Howard Gardner, the John H. and Elisabeth A. Hobbs Professor of Cognition and Education at the Harvard Graduate School of Education, is the senior director of Harvard Project Zero. A MacArthur Fellow and the author of 28 books and several hundred articles, he is best known for his groundbreaking theory of multiple intelligences. He has recently talked about the emergence and transformative nature of digital media, and how the digital world can play to multiple intelligences. Last week, he spoke at "Shaping Our Digital World: You Have the Power," a Common Sense Media/Good Play Project forum at Brookline High School.

Can you break down the theory of multiple intelligences for us?


Our language suggests that intelligence is a single thing, and that we can rank people on one scale — from smartest to dumbest. Research in recent decades suggests that human beings have a number of relatively independent abilities, which I call the 'multiple intelligences.' Johnny might be 'smart' with language and understanding other people, but not good in finding his way around an unfamiliar environment or solving mathematical problems. Sally might have the opposite profile of intelligences.

How does this impact how we engage with our digital world, our near constant engagement with computers and smart phones?

With smart devices, we can individualize education. We can present important concepts and train important skills in a number of ways, taking advantage of our multiple intelligences.

You maintain that the emergence of digital media has been as transformative as the invention of the printing press, a fundamental shift in the way the world works.

The printing press brought written material into the hands of everyone who could read, and it made knowledge accessible to the masses. The digital media present information of all sorts in a variety of symbolic modes — not just words but sounds, pictures, music. They allow instant transmission of content all over the world. And most important, they allow each of us to create content and share it with anyone else with access to a digital platform. It is as if everyone had a printing press and everyone could author books and share them with people across the globe. And also songs and photos and videos.


How does all this impact the way we process information?

Over time, individuals seem to be able to use multiple sources of information agilely, which is good, but may have less patience and less ability to go into things deeply and stay with them, which is not good.

And what about how this changes what we choose to remember, so-called 'google memory'?

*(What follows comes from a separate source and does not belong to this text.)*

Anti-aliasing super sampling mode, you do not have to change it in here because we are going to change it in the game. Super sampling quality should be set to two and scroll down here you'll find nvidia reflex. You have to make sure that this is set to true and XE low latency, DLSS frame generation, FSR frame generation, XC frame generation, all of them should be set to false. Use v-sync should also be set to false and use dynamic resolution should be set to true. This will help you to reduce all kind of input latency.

We no longer need to remember all sorts of things that people used to remember, from phone numbers to directions downtown. The information is in our smart phone. What we do need to remember is how to use these devices, where they are, what happens if they break down or are lost. The challenge is to figure out what is worth remembering and why. Having huge amounts of information available is a mixed blessing. We need to develop the synthesizing mind, which can evaluate the importance of information and put it together in ways that make sense and are memorable.

How has digital media shifted the way we form and maintain personal relationships?

It is easy to form relationships with all kinds of individuals, but more difficult to form deep long-term relationships with people. The difficulty for many people in having sensitive and difficult face-to-face conversations is worrisome. On the other hand, the digital media can be a godsend for people who might previously have been isolated.


How might this affect the development of our children?

I am not in favor of keeping children away from digital devices; they are part of life. But just as adults must know how to put the devices away, so that we can reflect, have face-to-face conversations, spend time on walks or on the ski slopes, puzzle through a difficult personal dilemma, we must help our children 'put devices in their place.' The best way to do this is to model this kind of restraint, even as we model ways in which 'smart devices' can be helpful. We also need to help children understand which parts of life can be 'app-ed' and which parts cannot. A college student once said to me, "Why go to school, when the answers to all questions are in my smart phone?" I replied, "Yes, except the important ones."